Stelle di Hollywood e tanti film d’autore Venezia torna glamour e premia Benigni

L’edizione numero 78 del Festival del cinema al via il primo settembre, con il ritorno dei colossi Universal e Netflix

VENEZIA. Il Festival della ripartenza, del ritorno delle grandi star di Hollywood, del grande cinema, dei vip e del “bel mondo”: il primo settembre parte al Lido l’edizione numero 78 della Mostra Internazionale d’arte cinematografica che andrà avanti fino all’11.

CHE PARTE NZA


E la serata d’apertura sarà già scoppiettante: sarà assegnato infatti a Roberto Benigni il Leone d’oro alla carriera e sarà proiettato subito dopo il film “Madres Palalelas” di Pedro Almodovar con Penélope Cruz e Milena Smit.

LE STELLE e le majors

Sarà anche l’anno del grande ritorno delle majors americane dopo lo stop per la pandemia: Universal presenta tre film: “Halloween kills” con protagonista Jamie Lee Curtis, che riceverà al Lido il Leone D’Oro alla carriera, ma anche “Il collezionista di carte” di Paul Schrader con Oscar Isaac (che vanta il primato di tre film a Venezia), Tiffany Haddish, Tye Sheridan e Willem Dafoe.

Tanta curiosità anche per “Dune”, che con la regia di Denis Villeneuve presenta un cast davvero stellare: Rebecca Ferguson, Dave Bautista, Stellan Skarsgård, Charlotte Rampling, Oscar Isaac, Zendaya, Josh Brolin e Javier Bardem. In “Mona Lisa and the blood moon” ci sono Kate Hudson, Craig Robinson ed Evan Whitten.

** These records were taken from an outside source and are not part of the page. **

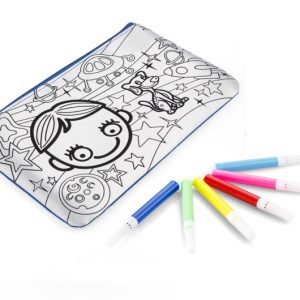 Piórnik SPACE 20289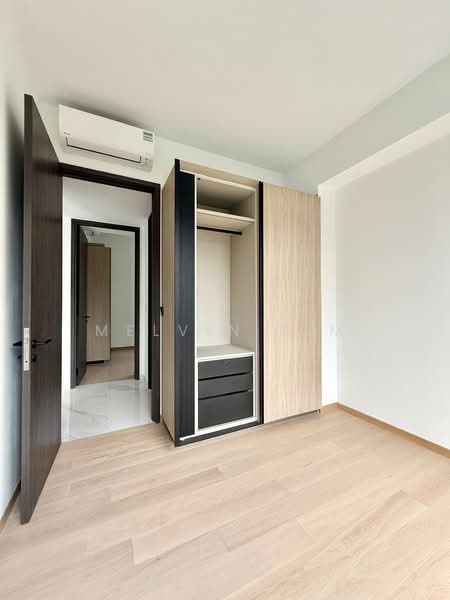 Jervois Mansion, 6 Jervois Close, 3 Bedrooms, 1,001 sqft, Condominium For Rent, by Melvin Sim, 500110805 - Interior - PropertyGuru.com.sg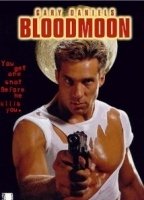 Bloodmoon (1997) Cenas de Nudez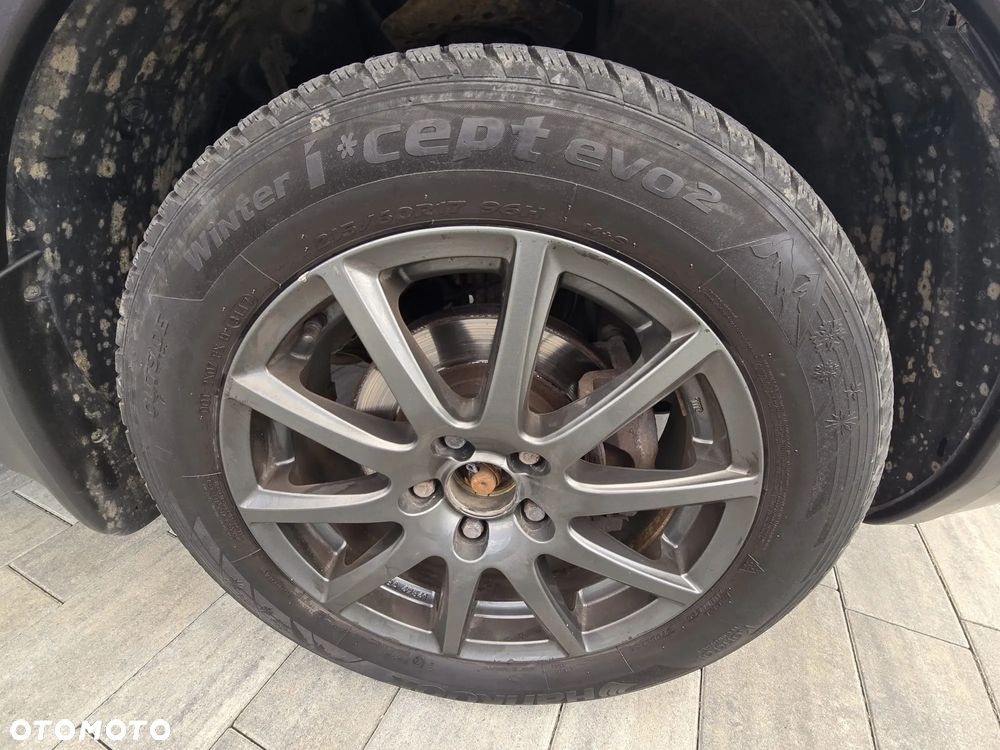 Nissan Qashqai 2.0 Acenta CVT - 26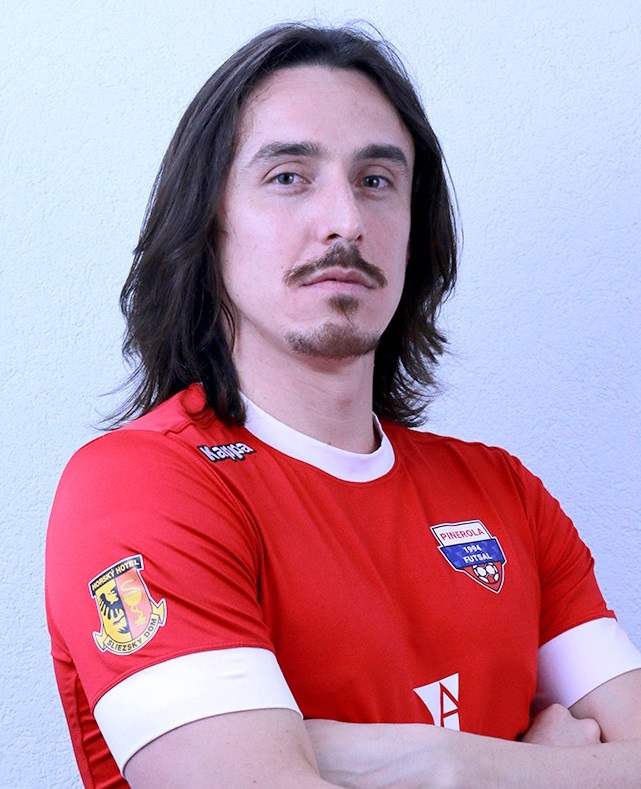 Rafael Carvalho dos Santos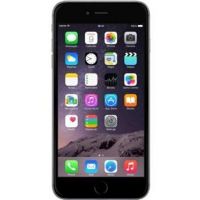 e-Replacements IPH6GR16U REFURB iPhone 6 Unlocked Gray
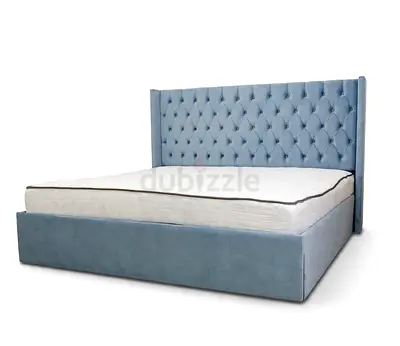 Brand New Luxury king Bed frame with Good Quality Available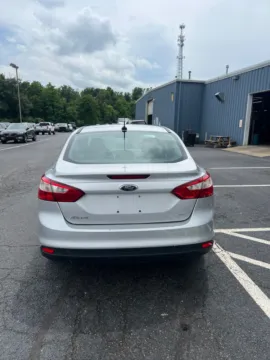 More photos of 2012 Ford Focus SE at Kyner's Auto Sales, Inc., PA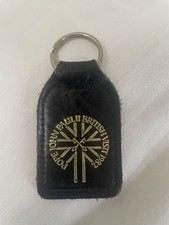 Keyring Key Ring - Pope John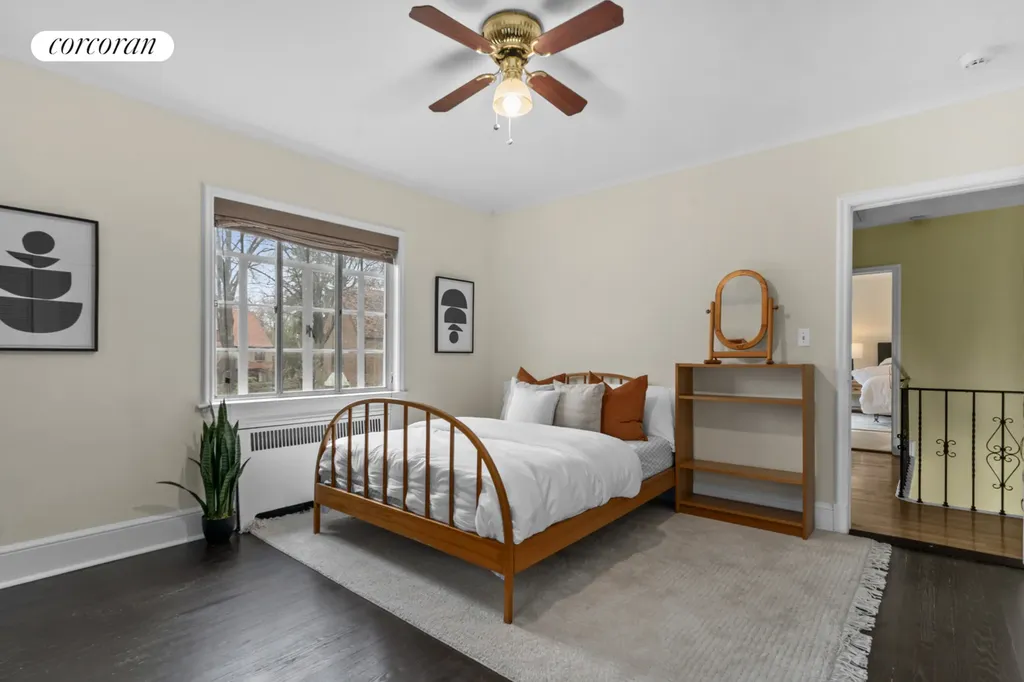 16 Upshaw Road New York City NY 11375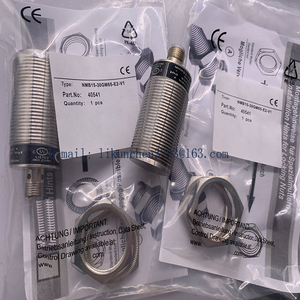 Thương hiệu Mới ban đầu gần chuyển đổi cảm biến NMB2-12GM65-E2-FE-V1/E0/E3 một năm bảo hành trong kho - Product Image 6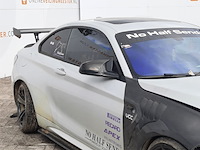 Personenauto, bmw, m2 competition, 2020 - afbeelding 56 van  73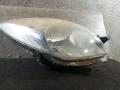 фара правая Toyota Yaris XP9 (2005 - 2009), 89900736, 81110-0D120 - фото №2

Venezia sarà anche la grande vetrina di Netflix, a partire da “È stata la mano di Dio” di Paolo Sorrentino, e poi con “The lost Daughter” con Olivia Colman, Jessie Buckley, Dakota Johnson, Ed Harris, Peter Sarsgaard e Alba Rohrwacher e “The power of dog”di Jane Campion con Benedict Cumberbatch, Kirsten Dunst e Jesse Plemons.

LE SORPRESE

Attenti a quei due. Potrebbero essere loro le sorprese dell’edizione numero 78 del Festival di Venezia. Due prodotti di cinematografie poco conosciute, ma uniti da politica, originalità e anche dalla violenza delle immagini, cosa dichiarata dallo stesso Alberto Barbera alla presentazione della rassegna. Si tratta di “On the Job: the missing eight” del regista filippino cult Erik Matti, e “Reflection” dell’ucraino Valentyn Vasyanovych.

IL RE DEL PORNO

Venezia sarà anche celebrazioni di personaggi fuori dal coro. Come nel caso di “Inferno rosso, Joe D’Amato sulla via dell’eccesso” di Manlio Gomarasca e Massimiliano Zanin e presentato da Nicolas Winding Refn. Ovvero un ritratto sul regista Aristide Massaccesi, in arte Joe D’Amato. Ma chi era Joe D’Amato? Per molti un regista di culto: in America un genio dell’horror, in Francia un maestro dell’eros e in Italia il re del porno. Produttore, regista, autore, elettricista, operatore e direttore della fotografia è stato un eclettico artista che ha realizzato centinaia di film spaziando dagli spaghetti western al post-atomico, dal decamerotico all’eros patinato, dal porno estremo all’horror sanguinolento.